Dans l’ensemble, cette étude a confirmé des rapports antérieurs sur le risque minime pour la santé humaine lié à la consommation de légumes verts à feuilles crus.
Au cas par cas
Plus chère que le captage et coûteuse en énergie, notamment lorsqu’il faut acheminer les eaux dans des tuyaux sous pression depuis les stations d’épuration, le recyclage n’est pas une panacée contre la sécheresse.
Comme le note Julie Mendret, chercheuse à l’université de Montpellier interviewée par France 24, les techniques de recyclage doivent être envisagées « au cas par cas », tout en veillant à lever les « freins » existants : la réglementation d’une part, et l’acceptabilité sociale de l’autre, dans la mesure où, bien qu’elle s’imposera de toute façon, la population se méfie encore de cette ressource.
Sur toute la partie littorale de la France, le recyclage paraît des plus justifiés, car il évite que de l’eau douce soit rejetée dans la mer. Dans les terres, en revanche, toute eau qui sera réemployée ne finira pas dans des rivières et d’autres milieux naturels qui en ont souvent besoin. Le recyclage n’est donc pas partout une bonne solution.

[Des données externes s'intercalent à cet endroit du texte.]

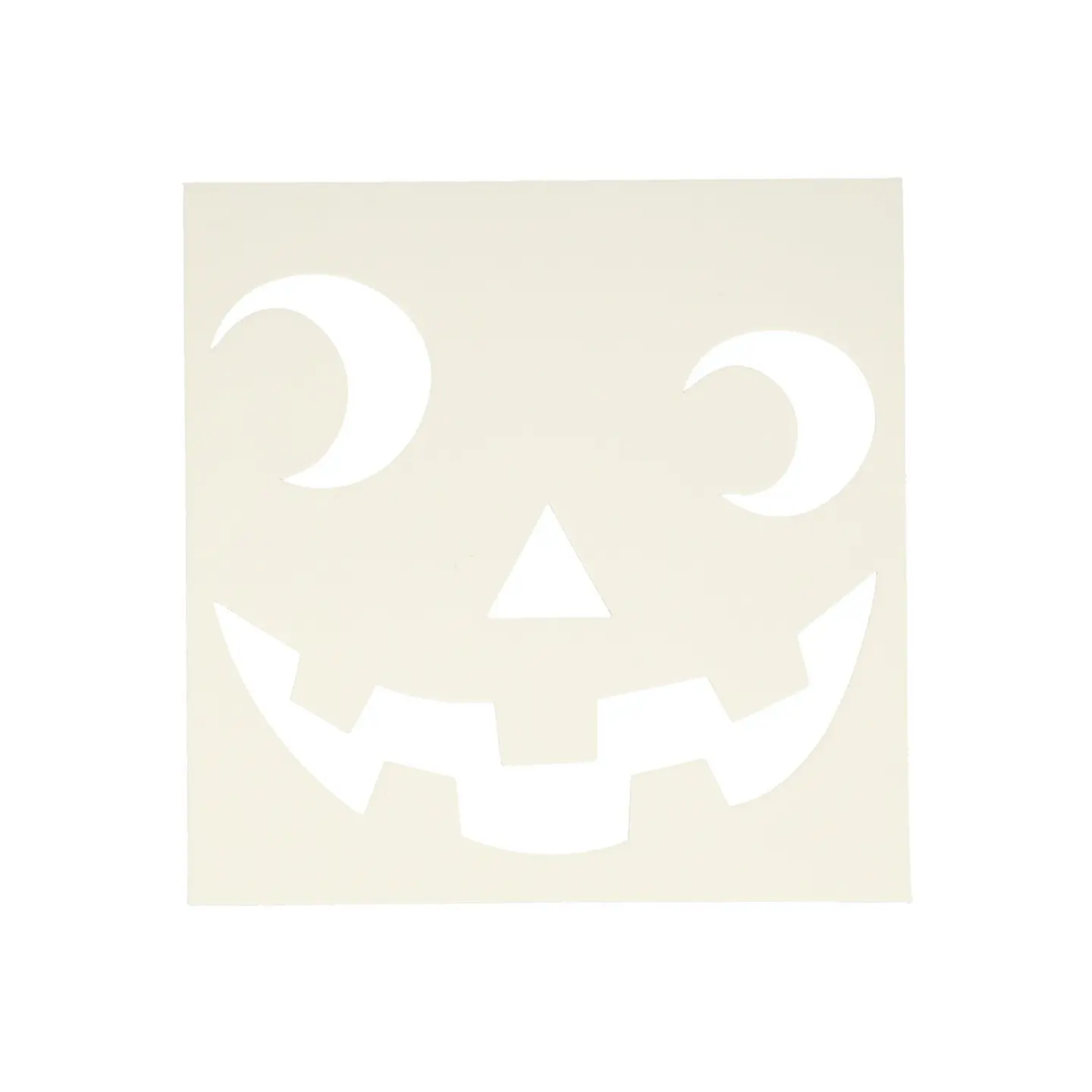 White pumpkin face cutout on a beige background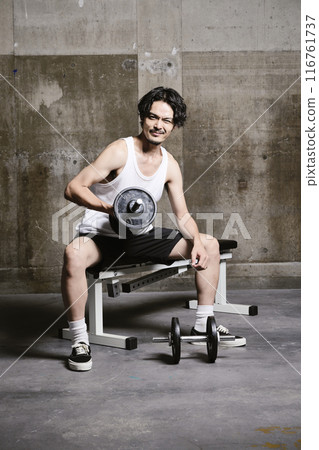 young man training in the gym 116761737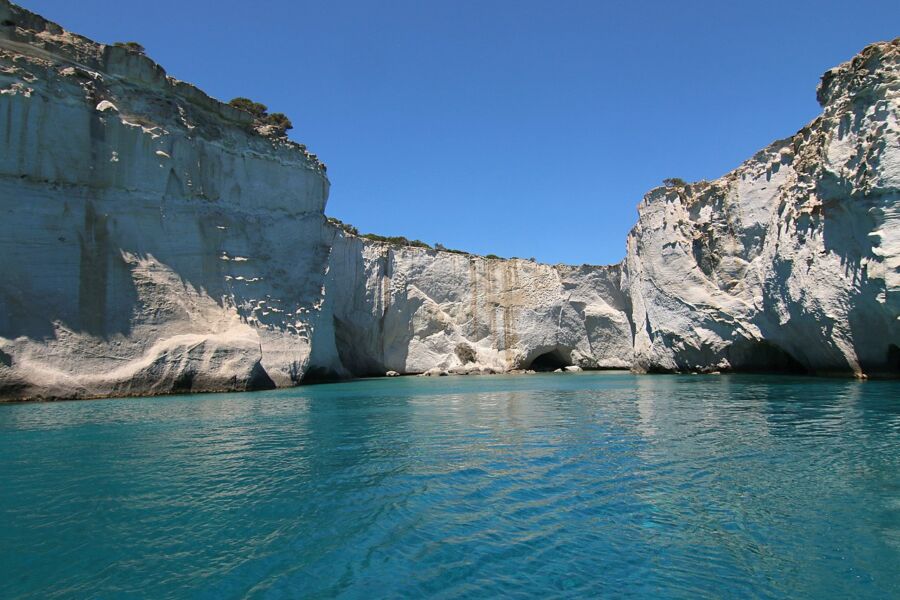 Kleftiko, Milos Island: azure sea framed by steep cliffs under a clear sky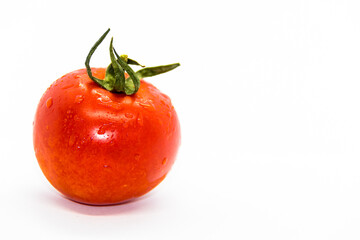 Ripe red tomato on white background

« Il faut à tout prix éviter de créer un “effet rebond”, conclut Julie Mendret. Car en généralisant le recyclage des eaux usées, nous pourrions donner une fausse impression d’une nouvelle abondance de la ressource en eau. Et évidemment, ce n’est pas le cas. »
D’autres territoires sont déjà prêts à aller plus loin. Aux Sables-d’Olonne, le projet Jourdain veut réutiliser les eaux usées pour produire une eau potable de qualité, consommable au quotidien par tous.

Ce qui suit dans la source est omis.